Wieder einmal versuchen wir, einer „weißen“ Straße zu folgen. Sie führt uns sehr steil in die Berge, die sich hinter Mostar erheben. Sobald wir die Stadt verlassen haben, gibt es kaum mehr Verkehr hier oben. Zunächst passieren wir hin und wieder ein kleines Dorf oder auch nur ein Gehöft, doch dann endet der Asphalt. Das Sträßchen wird zu einem Schotterweg, die Büsche kratzen am Kischdle. Laut Karte haben wir gerade einmal ein Drittel der „weißen“ Straße zurückgelegt. Umdrehen? Das Navi meint, es gäbe Wege durch die Berge, um wieder auf eine größere Straße zu kommen…
Wir müssen nicht erwähnen, dass diese Wege ebenfalls geschottert, mit groben Steinen versehen und teilweise eng und steil sind? Wir übernachten zunächst einmal, bevor wir am nächsten Morgen nach gut zwei Stunden den Ausweg aus den Bergen gefunden und wieder Asphalt unter den Rädern haben.
Zunächst bleiben wir nun auf guten Asphaltstraßen. Die Route führt entlang der Dinaraberge, die die Grenze zu Kroatien bilden. Auf den Berggipfeln sehen wir ersten Schnee, es ist auch recht frisch, aber wenigstens trocken. Immer wieder kommen wir an Ruinen von Wohnhäusern vorbei, sicher Relikte aus den jüngsten Kriegsjahren. Die Natur ist dabei, sich ihren Lebensraum wieder zurück zu holen. Es sind bedrückende Bilder.
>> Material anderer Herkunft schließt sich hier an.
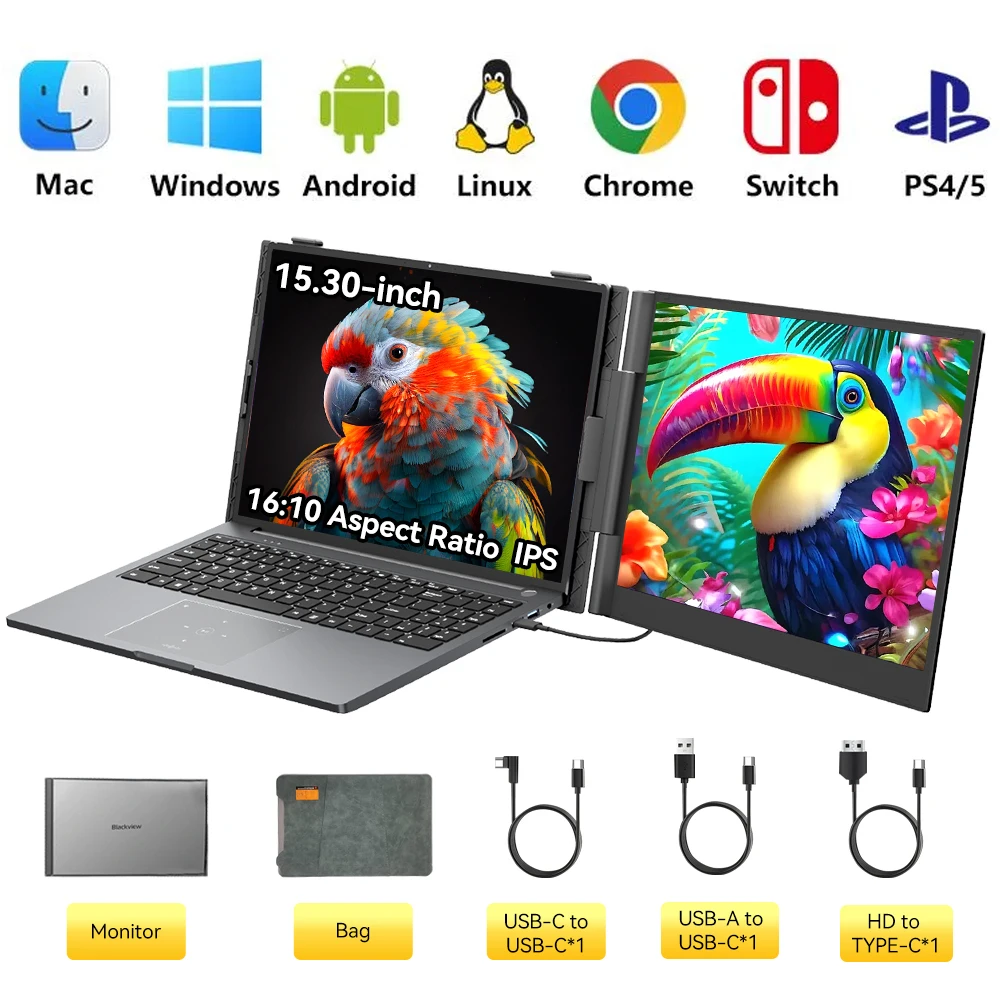 Blackview SCM8 15,3
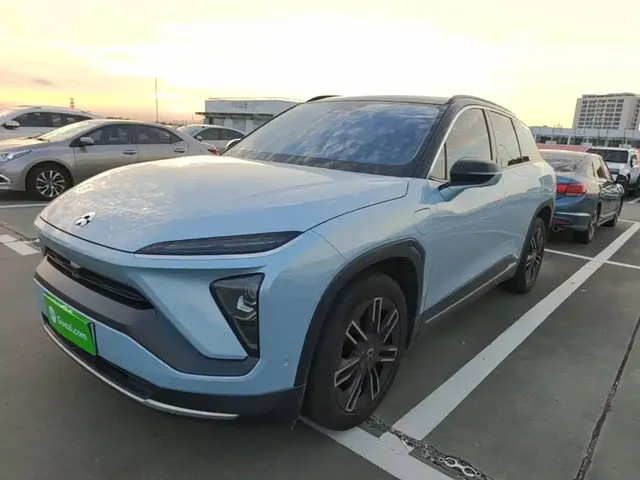 NIO ES6 2020 600KM Sport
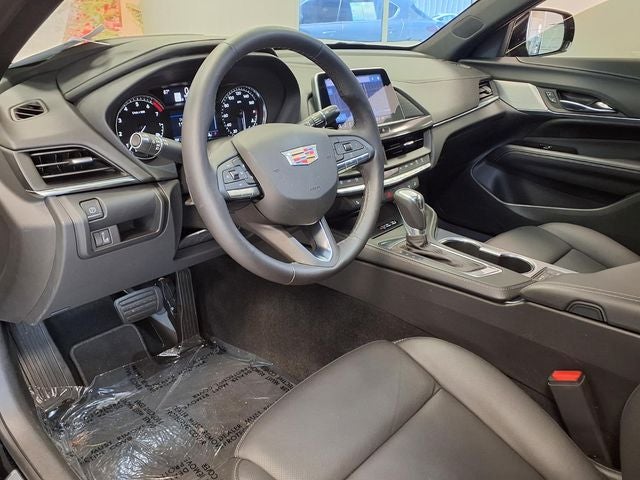 2024 Cadillac CT4 Premium Luxury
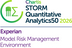 Chartis Research recognized Experian as the category winner for Model Risk Management Environment in the Quantitative Analytics50 2026 report.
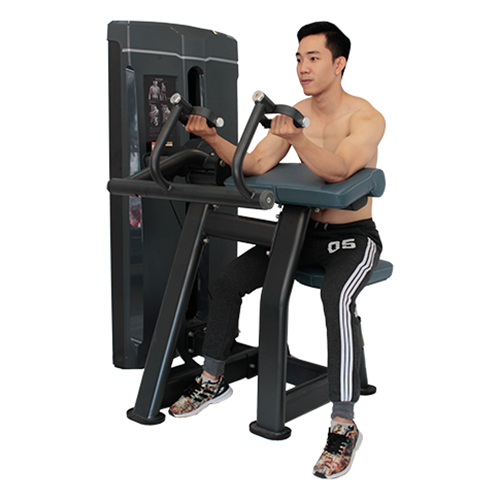 Máy Tập Cơ Tay Trước Hiệu Gym TigerSport Premium TGP-340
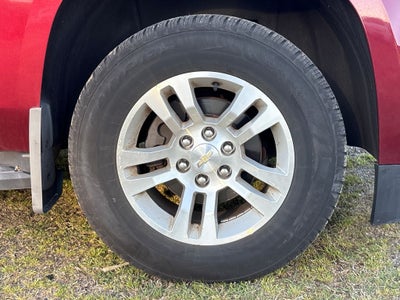 2018 Chevrolet Suburban LT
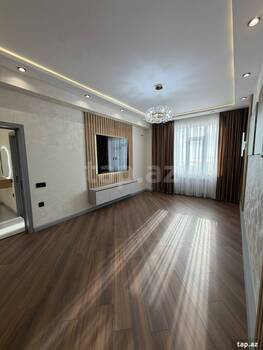 3-otaqlı yeni tikili, Nəsrəddin Tusi küç., 80 m²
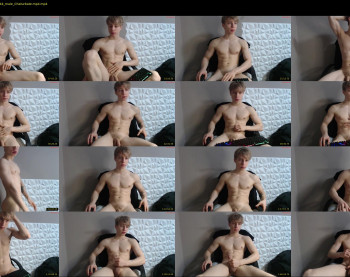 marc_solo — 120 minute Chaturbate male cam show recording, 720p, Nov 7, 2023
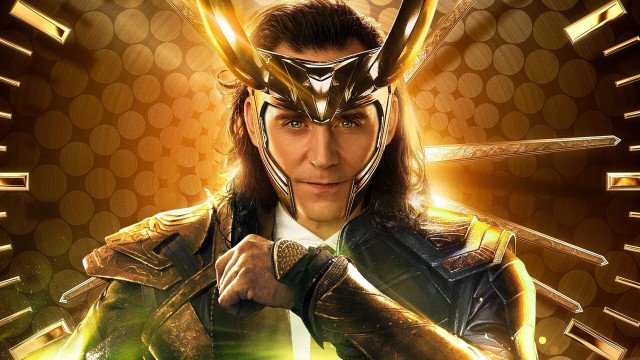 Poster of Loki TV series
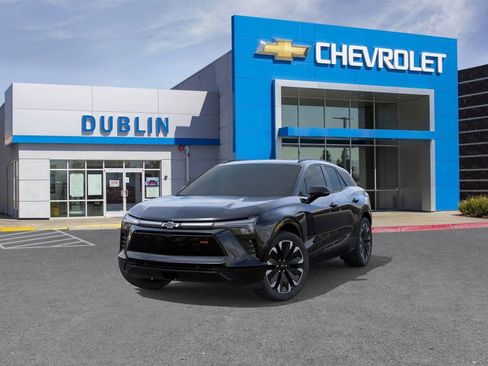New 2026 Chevrolet Blazer EV RS image 9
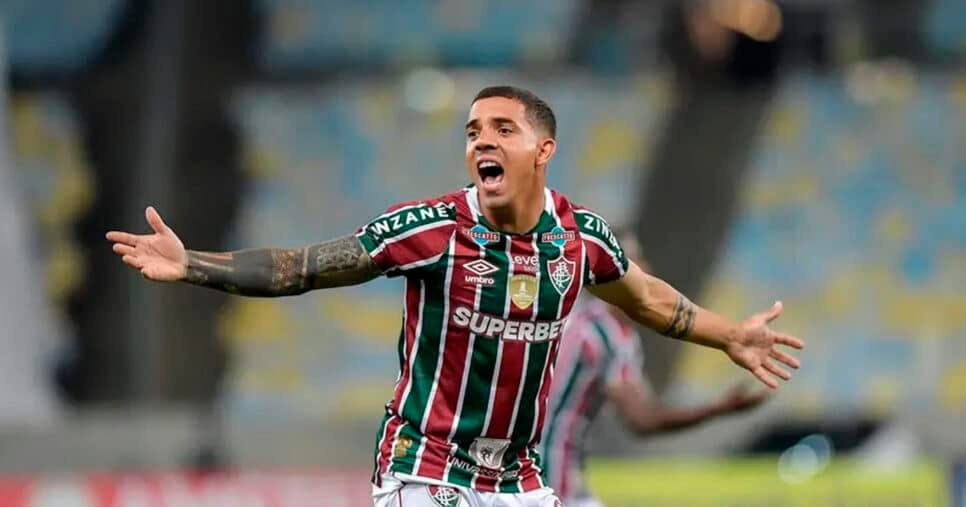 Fluminense -Terans (Foto: Reprodução) 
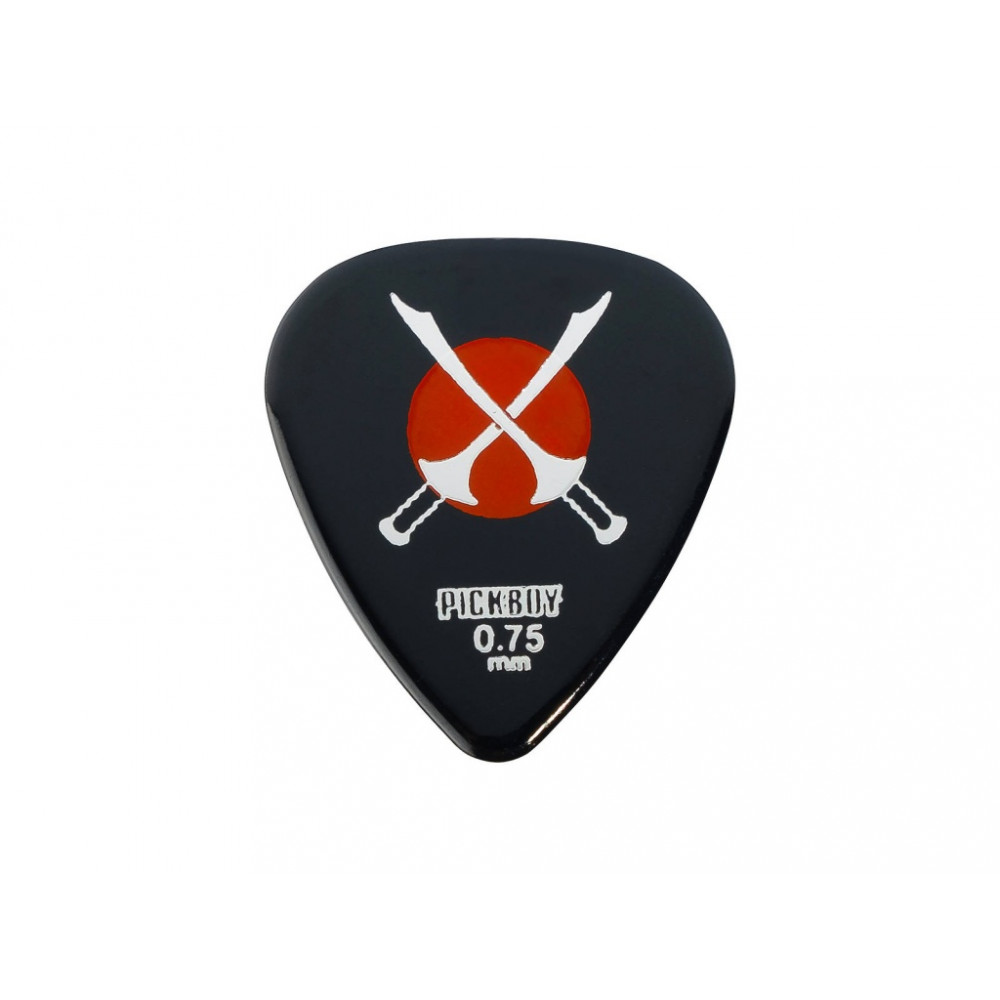 GP-31-2/075 Celltex Heavy Metal Медиаторы 50шт, толщина 0.75мм, Pickboy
Ganz anders, als wir wieder einmal einer „weißen“ Route folgen. Dieses Mal wollen wir kurz vor dem nächsten Grenzübertritt durch den Una-Nationalpark fahren, seit 2008 der erste Nationalpark der Föderation Bosnien-Herzegowinas. Wir sind die einzigen Touristen, die jetzt am Morgen durch Martin Brod schlendern, dem kleinen Ort an der Una. Eine Besonderheit sind die vielen kleinen Wasserfälle, die der Fluss rings um das Dorf bildet. Man setzt Hoffnung in den Tourismus, das ist deutlich zu sehen. Bleibt zu wünschen, dass im Sommer hier mehr los ist, denn das glasklare Wasser der Una und die Natur ringsum lohnen einen Aufenthalt.
Wir jedoch fahren weiter, für uns geht es nach Hause.